» EXERCISE DATA:
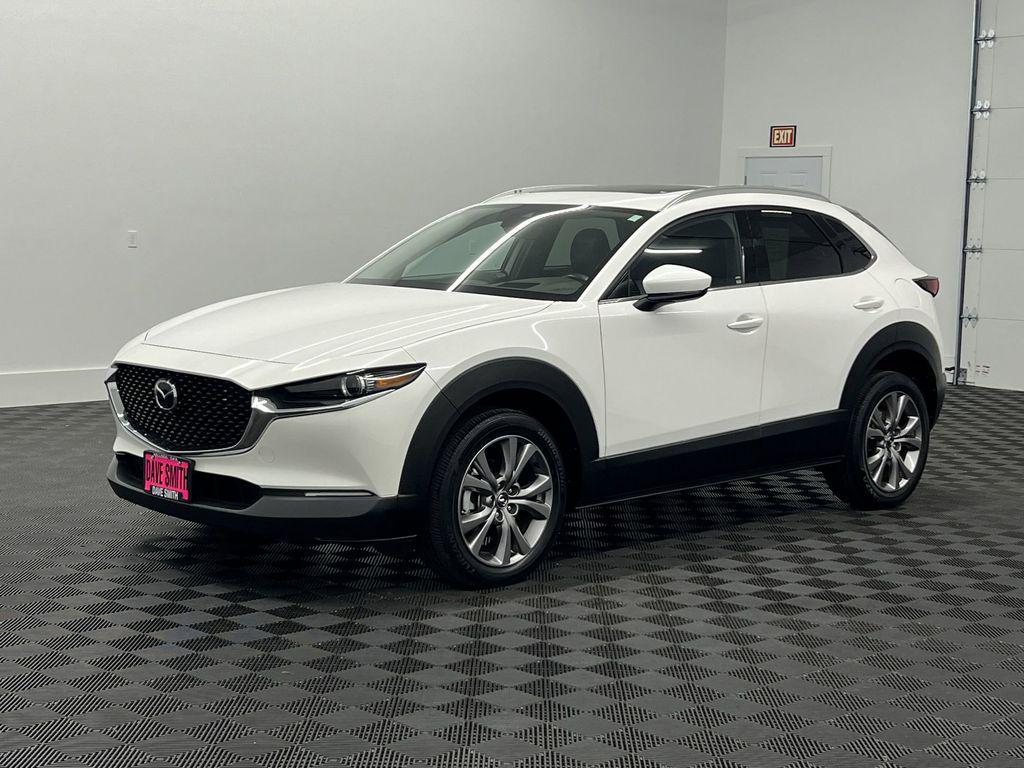 used 2020 Mazda CX-30 car, priced at $22,499
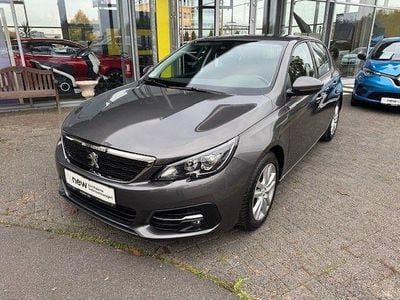 Grau Gebraucht 2021 Peugeot 308 Active Limousine | 13.990 € (Superpreis)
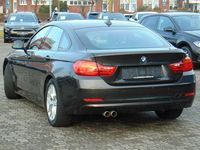 Gebraucht BMW 420 190 PS (139 kW) 2017 Schwarz Coupé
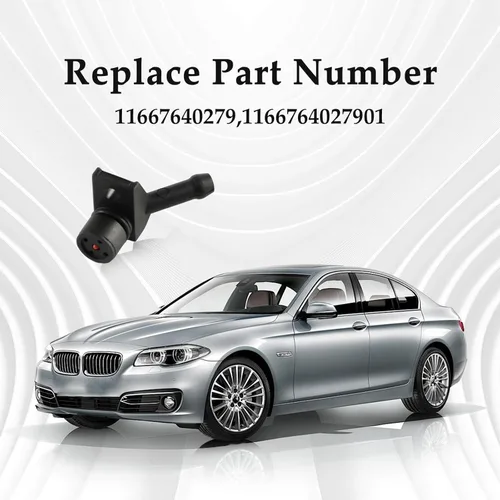 Miniatura 3 de Kit de enchufe de reparación de bomba de vacío de freno compatible con BMW F10 F20 F30 F25 F26 E84 X1 X3 Z4 125i 320i 328i 520i 528i N20 Reemplazo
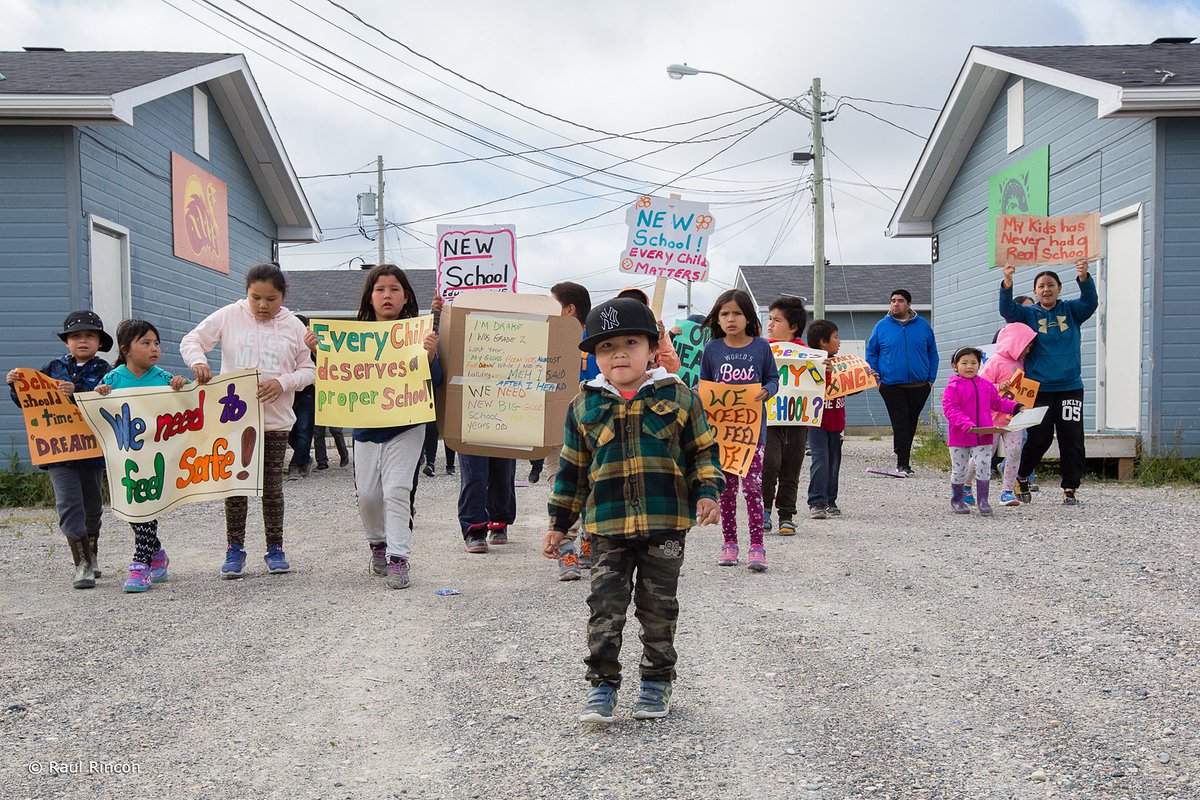 CharlieAngusNDP's tweet photo. Canada will never be the nation it was meant to be until it realizes that its greatest resource isn't the oil, gas or minerals, but the potential of this generation of Indigenous children. On National Child Day, we must do better. https://t.co/pbkuCNLxPZ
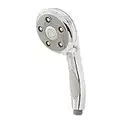 Speakman VS-2007-E175 Napa Anystream Multi-Function Adjustable Handheld Shower Head, 1.75 GPM, Polished Chrome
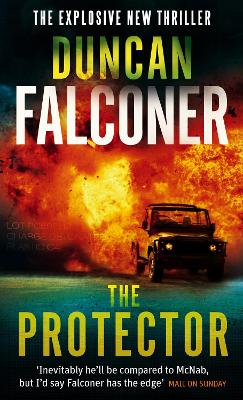 Cover of The Protector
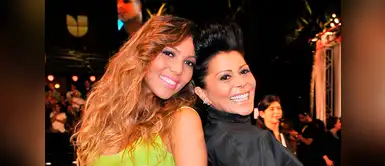 Hija de Alejandra Guzmán revela que su mamá tiene una relación con su ex Hija de Alejandra Guzmán revela que su mamá tiene una relación con su ex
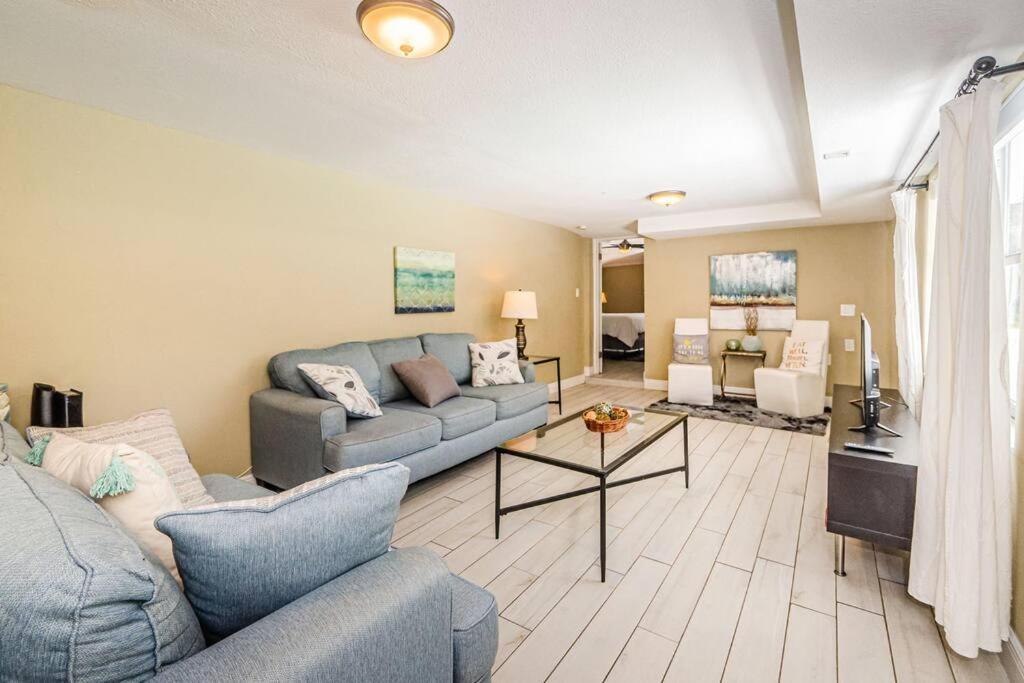 فيلا تامبافي Beautiful Pool House In Old Seminole Heights! المظهر الخارجي الصورة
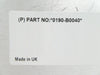 HiTek Power G203-75 High Voltage Power Supply HV A1041690 Spare Surplus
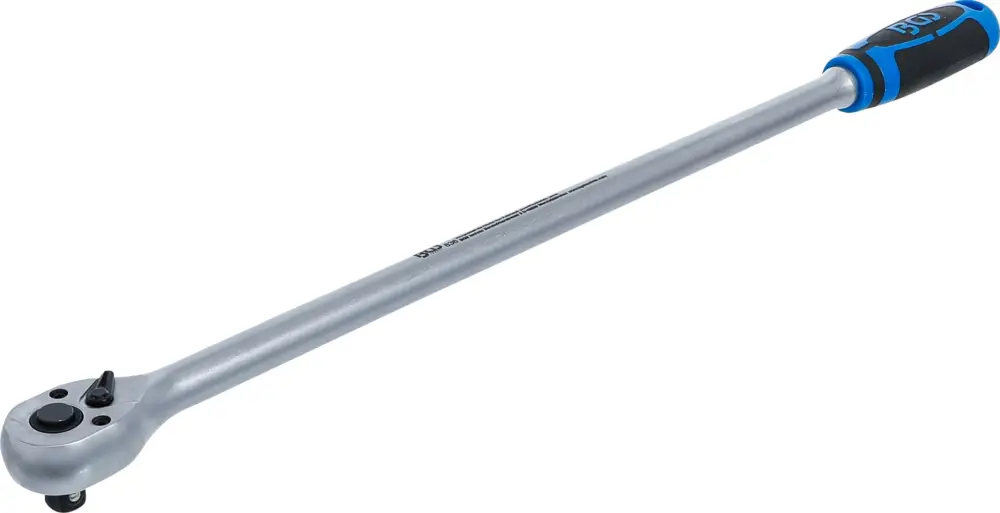 Nejprodávanější BGS Přepínací ráčna , extra dlouhá , 10 mm (3/8") , 455 mm – BGS 636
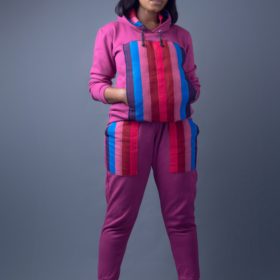 Agbeke Hoodie Set
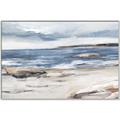 Picture of Seaside _GroupedProduct_Rectangle_Landscape_Canvas_Framed_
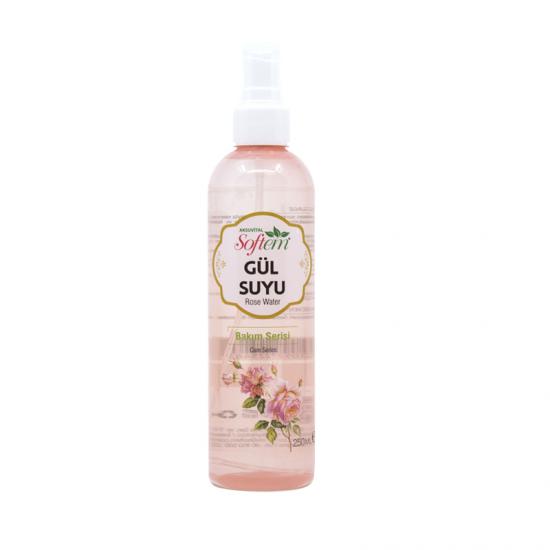 Softem Kozmetik Gul Suyu 250 ML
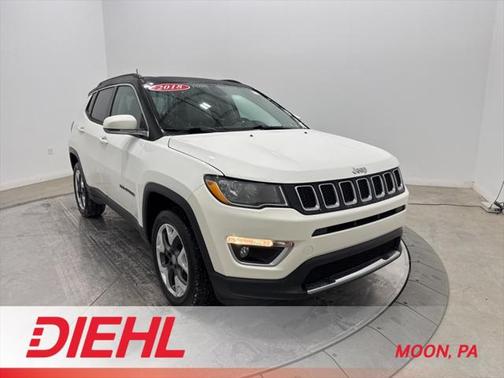 2018 Jeep Compass Limited 4x4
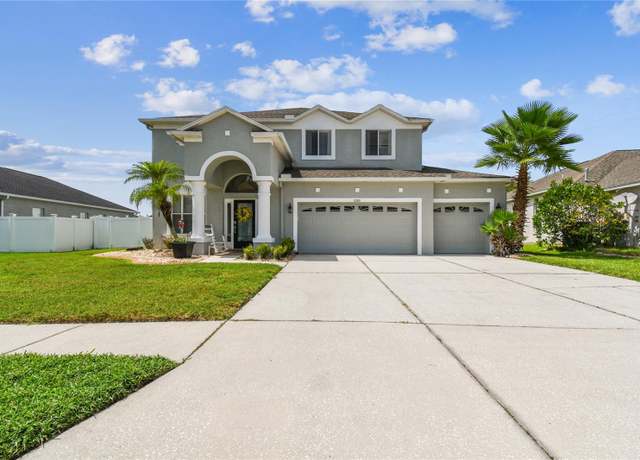 Property at 25801 Frith St, Land O Lakes, FL 34639, 4 beds, 3.5 baths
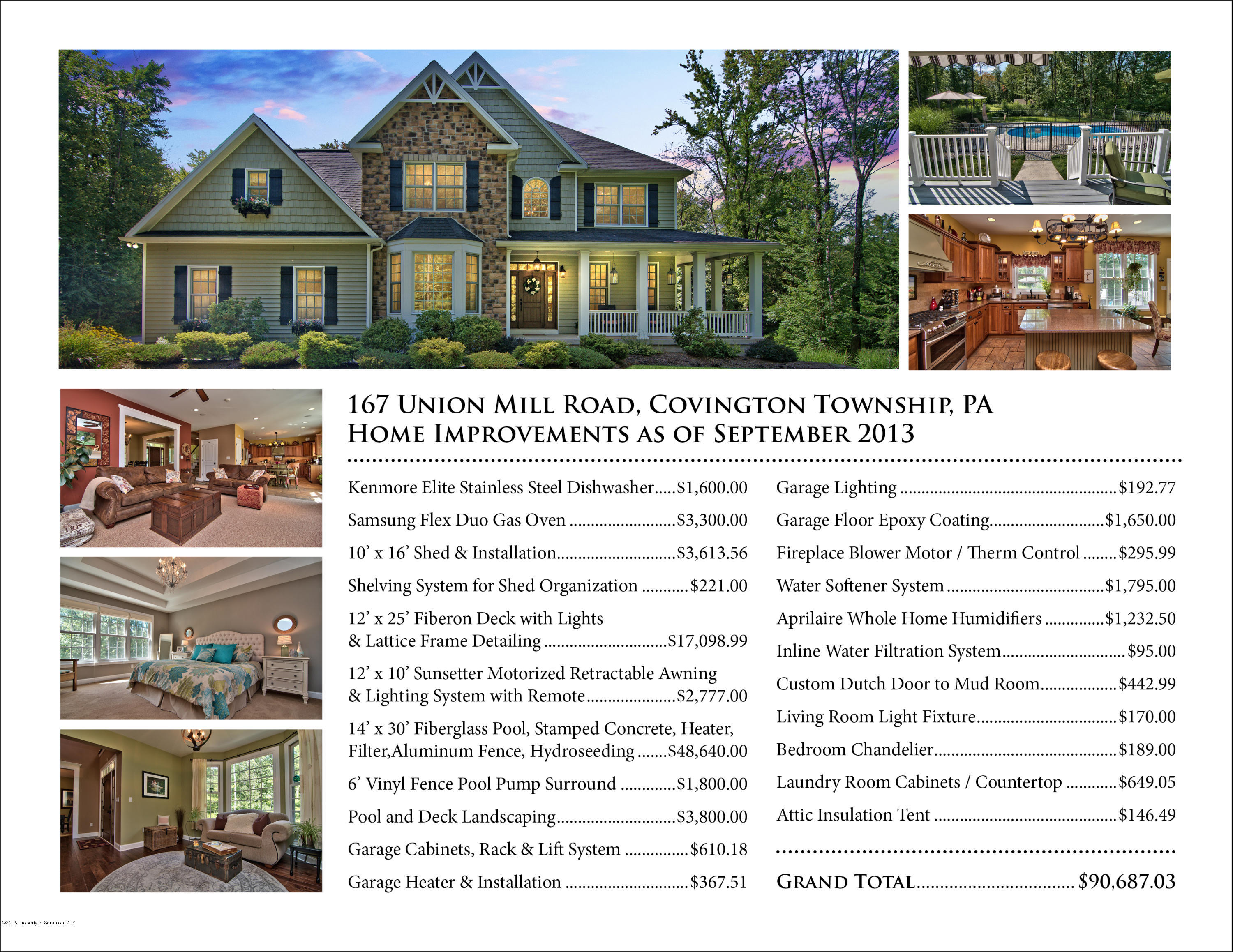167 Union Mill Road Moscow, PA 18444 - Photo 2 of 93 Gallery Image 2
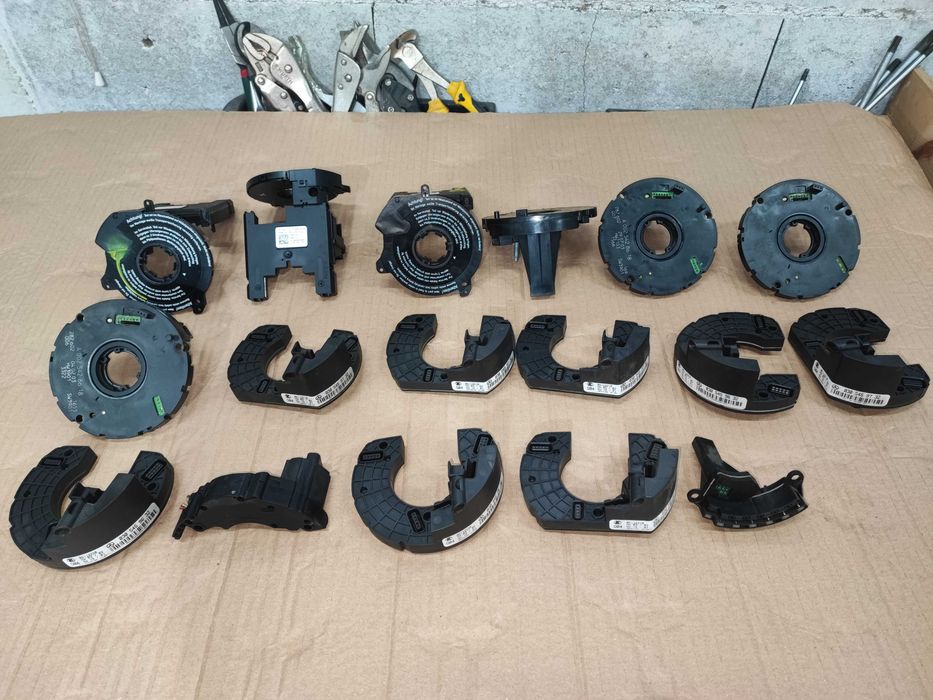 Лентов кабел ъгъл на завиване от Мерцедес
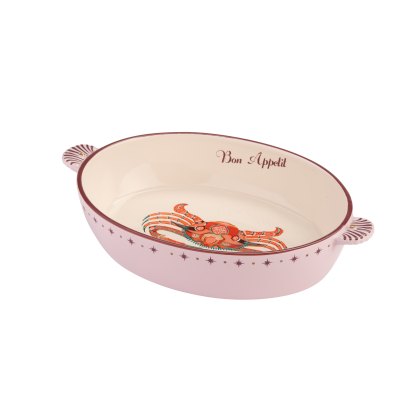 Yvonne Ellen Crab Oval Roaster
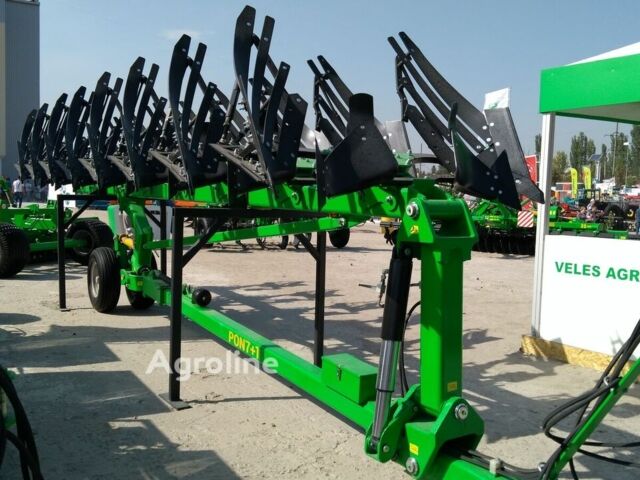 Зеленый Велес-Агро Другая, объемом двигателя 0 л и пробегом 0 тыс. км за 1611431 $, фото 3 на Automoto.ua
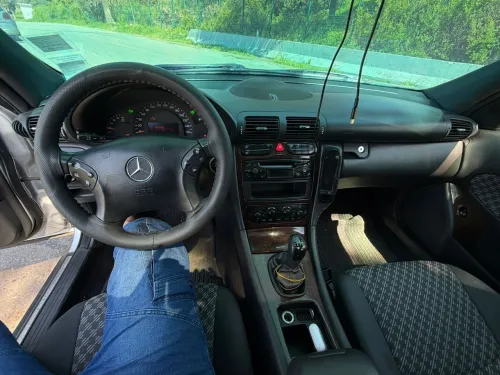 Mercedes Classe C 2006 220 Exclusive
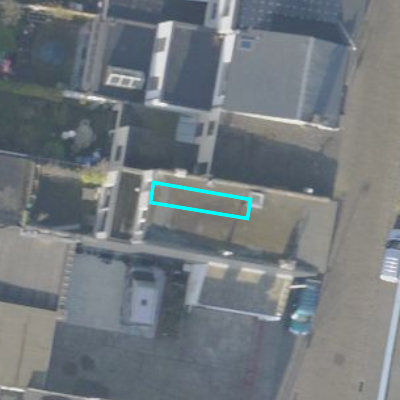 Luchtfoto Vlaanderen 2013 - 2015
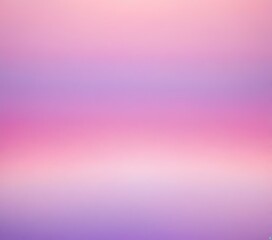 Ethereal gradient merging pastel pink to soft violet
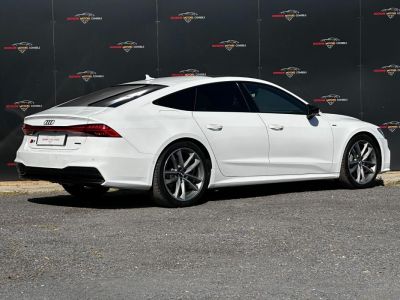 Audi A7 Sportback 50 TFSI e 299ch Quattro Sline   - 5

» WORK TO BE COMPLETED: Stop at the line containing "Gebraucht BMW 420" and include it. Everything from the first line of the material up to there is to be repeated exactly, leaving out pictures.

» EXERCISE SOLUTION:
 used 2020 Mazda CX-30 car, priced at $22,499
 Grau Gebraucht 2021 Peugeot 308 Active Limousine | 13.990 € (Superpreis)
 Gebraucht BMW 420 190 PS (139 kW) 2017 Schwarz Coupé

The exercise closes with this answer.